BOISE, Idaho — The rematch is set.
For the second straight year and the third time in the last five, Eastern Washington and Montana will play for the Big Sky Tournament championship.
The No. 3 Eagles took a similar path to the finals this year as a season ago, beating a talented Montana State team this year just like they dispatched a veteran Portland State team a year ago in the quarterfinals. In the semifinals each of the last two seasons, Eastern took on a Southern Utah squad fresh off eliminating the No. 2 seed in the tournament.
In the final game Friday night at CenturyLink Arena, the Eagles got several Thunderbirds in foul trouble to build a 34-17 first-half lead, then surged down the stretch after SUU cut the gap to four points on the way to a 77-61 victory.
Junior post Mason Peatling continued his campaign for tournament MVP with a second straight strong effort. The southpaw Australian scored 20 points and grabbed seven rebounds to pace an Eastern attack that shot 47.4 percent from the floor. Jesse Hunt, Peatling’s Aussie front-court mate, scored nine points, grabbed 10 rebounds and dished out six assists as a team that started 1-9 is now 16-17 overall this season following their fifth straight victory.
“I don’t think any of our guys would have it any other way,” Peatling said when asked about the championship game rematch against Montana. “We played 30 minutes of great basketball last year in the final. And in the last 11 minutes, they took it to another level and we couldn’t match it.
“This year, we have a new team, new personnel and we are looking forward to taking them on tomorrow.”
A season ago, EWU had an 11-point halftime lead in the tournament championship game before the Grizzlies ratcheted up the intensity to an elite level. UM point guard switched on to EWU point forward Bogdan Bliznyuk, locking up the all-time leading scorer in the history of the league. Montana used high-level pressure to go on a 9-0 run in the first two minutes of the second half, then pulled away to punch a ticket to the Big Dance.

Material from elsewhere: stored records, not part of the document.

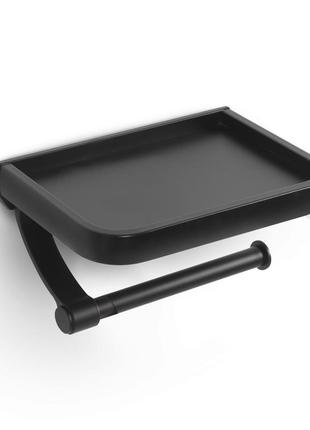 Держатель для туалетной бумаги (черный)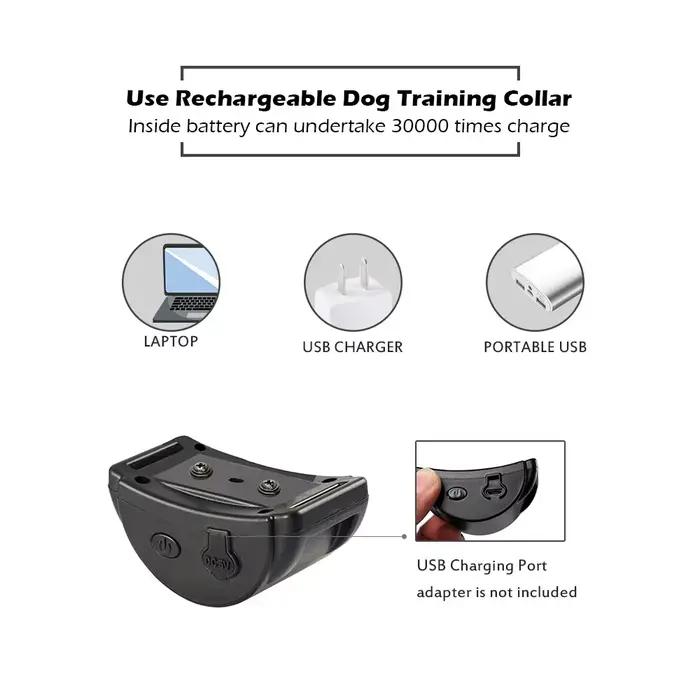 Collier Anti-Aboiement Rechargeable pour Chien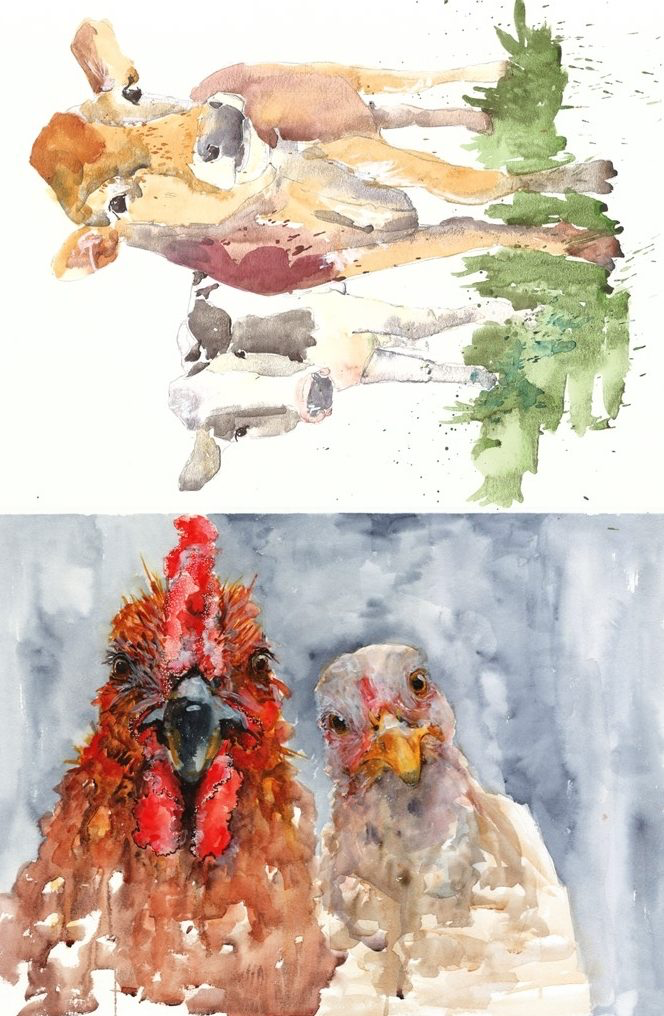Farm Animals (RETIRED) - 20" x 30" Decoupage Paper - Roycycled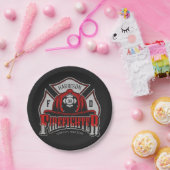 Feuerwehrhelm ADD NAME Fire Department Rescue Pappteller (Party)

Just like last season, Eastern Washington beat Montana in Cheney. Just like last season, the Eagles took the No. 3 seed into the tournament and just like last season, EWU’s third NCAA Tournament bid in school history will come if they can beat the Grizzlies.
“They go small and me and Mason hopefully take advantage of that,” Hunt said. “They have been doing that the last few games and it’s been working for them. But it’s going to be tough for them to guard us. Last year, I got hurt in this game and I really wished I could’ve been out there with my guys.”
Southern Utah, this season’s No. 7 seed, dispatched of Idaho State in the first round just like a year ago. And just like last tournament, the athletic, versatile Thunderbirds used their spread offense and ability to peak in the post-season to dismantle the No. 2 seed. Last year, it was Victor Sanders and Idaho. This year, SUU ousted Big Sky MVP Jordan Davis and the No. 2 Northern Colorado Bears.
But just like last season, SUU looked out of gas in the first half against the Eagles. Dre Marin, Andre Adams and Harrison Butler all picked up early fouls, allowing the Eagles to double up the T-Birds late in the first stanza.
“We were one of 14 at the rim in the first half. We couldn’t quite squeeze one in,” SUU head coach Todd Simon said. “We just didn’t shoot very well. That’s a big part of the game.
“Playing three games in a row shows up when shots are short. I don’t think mentally they were fatigued. But maybe, that little extra oomf, it shows up sometimes. But our guys are pretty tough.”
Cameron Oluyitan, a former Boise State, scored 13 of his team-high 19 points after halftime. Jacob Calloway added 13 points. But SUU is best when they have four to five players in double figures. SUU hit 20 of its first 30 attempts from beyond the 3-point arc in this tournament. The Thunderbirds went 7-of-21 from deep on Friday night and shot 34.5 percent from the floor overall. No player had more than Butler’s six points aside from SUU’s two leading scorers.
“We came out and played well defensively, and that really propelled us in the first half,” Legans said. “In the second half they made some shots, but our guys kept the faith, kept the belief and kept the scout of keeping with the defensive game plan.”
Montana avenged its 78-71 loss in Cheney — the Big Sky moved to a 20-game schedule this season, meaning all 11 teams played the other 10 twice, home and away — with a 75-74 win in Missoula. In that game, UM senior Bobby Moorehead forced EWU leading scorer Jacob Davison into an errant game-winning attempt at the buzzer.
Davison, an all-conference selection, suffered what has amounted to a season-ending injury the following game. Montana senior center Jamar Akoh, a leading MVP candidate when he got hurt 11 games into the Big Sky slate, has also not returned.
“It’s going to be a different match-up,” Legans said. “They are really good and well-coached. Travis (DeCuire) took his team to first place and he does a great job with his team. They come out and play really hard for him.
“We are both going to be good defensive teams, but we have to make sure we don’t feed into that pressure. They are really good and it’s going to be a lot of fun for us to out there and show what he have.”